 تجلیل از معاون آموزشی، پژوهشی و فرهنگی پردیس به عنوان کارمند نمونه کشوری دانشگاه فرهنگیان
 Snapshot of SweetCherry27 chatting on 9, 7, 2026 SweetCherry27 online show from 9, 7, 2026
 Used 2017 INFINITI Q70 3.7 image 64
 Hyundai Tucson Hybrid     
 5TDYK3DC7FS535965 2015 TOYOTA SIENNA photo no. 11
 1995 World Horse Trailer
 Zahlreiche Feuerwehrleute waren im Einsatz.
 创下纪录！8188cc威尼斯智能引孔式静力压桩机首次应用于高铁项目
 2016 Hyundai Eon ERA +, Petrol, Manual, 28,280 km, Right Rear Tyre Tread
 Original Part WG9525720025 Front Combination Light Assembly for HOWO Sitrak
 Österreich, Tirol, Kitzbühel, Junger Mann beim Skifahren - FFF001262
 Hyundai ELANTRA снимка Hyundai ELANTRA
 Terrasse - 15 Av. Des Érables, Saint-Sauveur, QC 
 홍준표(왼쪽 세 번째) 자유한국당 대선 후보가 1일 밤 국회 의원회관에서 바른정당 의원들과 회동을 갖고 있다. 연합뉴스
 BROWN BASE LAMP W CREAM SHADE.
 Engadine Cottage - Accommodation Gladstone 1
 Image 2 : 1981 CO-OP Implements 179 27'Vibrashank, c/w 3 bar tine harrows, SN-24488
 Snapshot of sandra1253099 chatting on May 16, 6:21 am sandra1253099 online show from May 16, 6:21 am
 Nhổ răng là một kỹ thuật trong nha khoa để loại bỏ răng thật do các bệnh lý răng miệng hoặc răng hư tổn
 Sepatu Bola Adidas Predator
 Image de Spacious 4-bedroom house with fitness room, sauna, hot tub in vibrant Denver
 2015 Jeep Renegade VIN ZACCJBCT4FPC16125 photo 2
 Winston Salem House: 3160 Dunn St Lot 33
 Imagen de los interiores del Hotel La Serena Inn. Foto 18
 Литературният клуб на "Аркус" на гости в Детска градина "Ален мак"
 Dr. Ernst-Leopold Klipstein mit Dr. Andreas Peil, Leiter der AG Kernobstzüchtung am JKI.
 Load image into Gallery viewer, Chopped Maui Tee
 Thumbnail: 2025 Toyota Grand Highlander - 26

TASK DESCRIPTION:
Please report every line of the listing that contains the string "online".

ANSWER FOR THE TASK:
 Snapshot of SweetCherry27 chatting on 9, 7, 2026 SweetCherry27 online show from 9, 7, 2026
 Snapshot of sandra1253099 chatting on May 16, 6:21 am sandra1253099 online show from May 16, 6:21 am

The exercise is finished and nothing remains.